By Karen · Kiddo Kitchen · 9 min read
Before I had kids, I had opinions. Strong ones. I was going to do baby led weaning vs purees properly, whichever side I landed on, and I was going to do it with conviction. Then Luca (now 6) arrived, and somewhere between the fourth load of washing and the third night feed, my conviction quietly packed its bags and left. When it came to introducing solids in Australia, I stopped asking which method was right and started asking which method would actually work on a Tuesday evening when everyone was exhausted.
If you are currently deep in the baby led weaning vs purees Australia research spiral, I want you to take a breath.
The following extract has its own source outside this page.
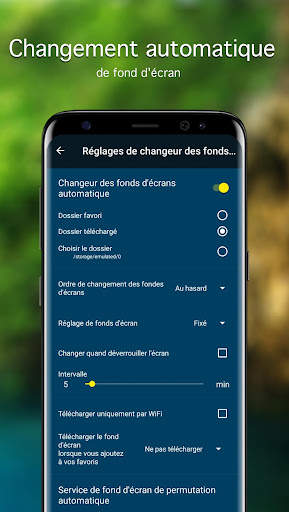 Cascades Fonds d'écran 4K screenshot 4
This article is not going to tell you what to do. It is going to tell you what both approaches actually look like, what the research says, what I did with two very different boys, and why the answer for most families lands somewhere comfortably in the middle.
First, a small reframe that genuinely matters. Most of us search for "BLW vs purees" because that is how the topic is talked about online, but the more accurate question is BLW vs traditional spoon feeding. Purees are a food texture, not a feeding philosophy. What actually distinguishes the two approaches is who is in charge of the spoon. With baby led weaning, the baby leads the speed, the discovery and the movement. With traditional weaning, the parent loads the spoon and guides it. And here is the bit most people miss: purees can absolutely be part of a baby led weaning approach. The parent loads up a soft spoon and hands it over, and from there the baby takes it to their mouth (or their cheek, or the dog). That nuance is what we are going to come back to throughout this article.
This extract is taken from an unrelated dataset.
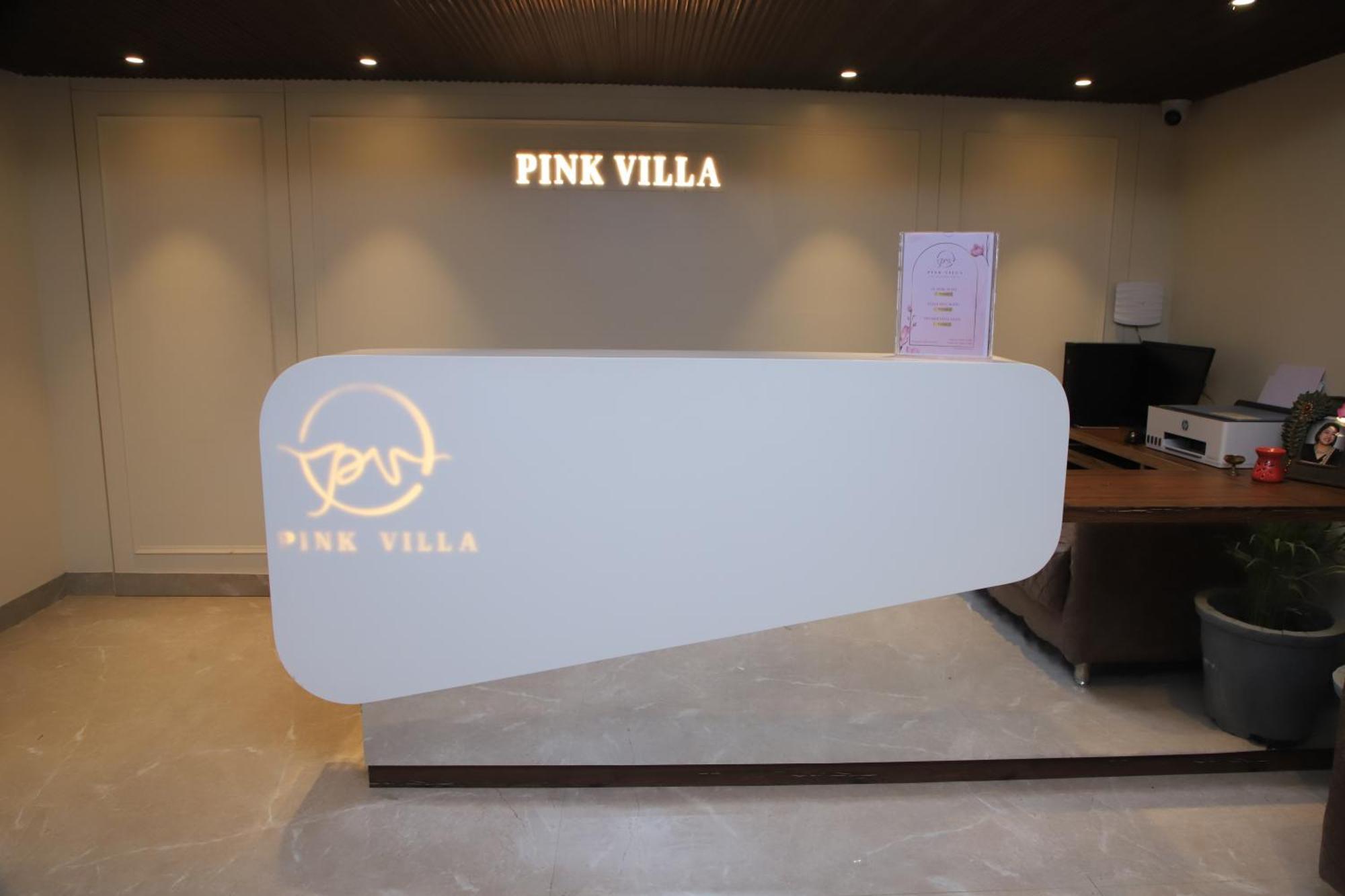 Pink Villa Boutique Hotel Meerut Bagian luar foto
What is baby led weaning, exactly?
Baby led weaning (BLW) is an approach to starting solids where your baby skips being spoon-fed and goes straight to handling food themselves. Instead of you loading a spoon and guiding it into their mouth, you put appropriately prepared food in front of them and let them get on with it. The chaos that follows is entirely their doing, and entirely the point.
According to the Sydney Children's Hospitals Network, BLW allows babies from around six months of age to self-feed with finger foods and family-style meals rather than being spoon-fed. The key word there is around. Your baby needs to show signs of developmental readiness before you start, regardless of which approach you choose.
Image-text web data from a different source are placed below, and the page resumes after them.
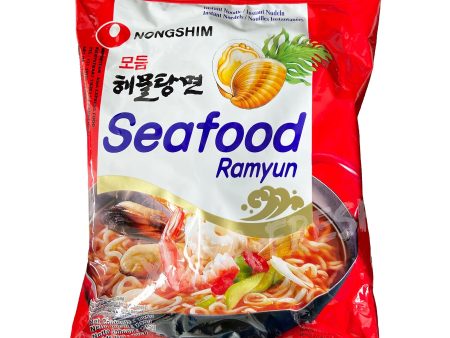 Instant Noodle Seafood Ramyun NONGSHIM 125g For Sale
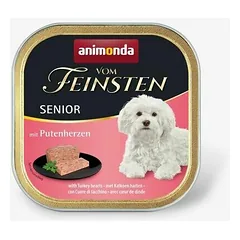 Animonda Vom Feinsten Dog Senior kalakuto širdis 150 g
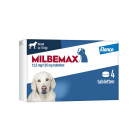 MILBEMAX WORMTABLETTEN VOOR GROTE HONDEN  (4 STUKS)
Those readiness signs are worth knowing because they apply to both approaches. Look for a baby who can sit upright with minimal support, has lost the tongue-thrust reflex that pushes food back out, shows genuine interest in what is on your plate (Theo, now 3, was stealing avocado off mine at five months, which was enthusiastic but slightly ahead of schedule), and can bring objects to their mouth with reasonable coordination.
BLW is not all-or-nothing. Most Australian families who try it end up doing a version of it alongside spoon feeding, and that is completely fine.
And what does traditional spoon feeding look like?
Traditional weaning, sometimes called parent-led weaning, is what most of us grew up watching our parents do. You start with smooth, runny purees around six months (and not before four months, as Raising Children Network makes clear), then gradually increase texture through mashed foods, minced foods, soft finger foods, and eventually family meals. By twelve months, your baby should be eating around three small meals a day alongside breast milk or formula.
You are in control of the pace and the spoon. Your baby signals fullness and hunger with body language and you respond accordingly. It is methodical, it lets you track exactly what has gone in, and it gives a lot of new parents a sense of reassurance that their baby is actually eating something rather than mostly redecorating the highchair tray.
The trade-off is that it does require separate food preparation, at least initially. You are cooking and pureeing while the rest of the family eats something else entirely, which adds time to an already busy season of life. And if you do not move through textures fairly quickly, some babies become resistant to chunkier foods later on, so progression matters.
The honest case for baby led weaning
The strongest argument for BLW is the one parents feel most viscerally at the dinner table: your baby eats what the family eats, when the family eats. You put a piece of steamed sweet potato or a strip of soft cooked meat on the tray, you sit down, and everyone eats together. At its best, it is genuinely lovely.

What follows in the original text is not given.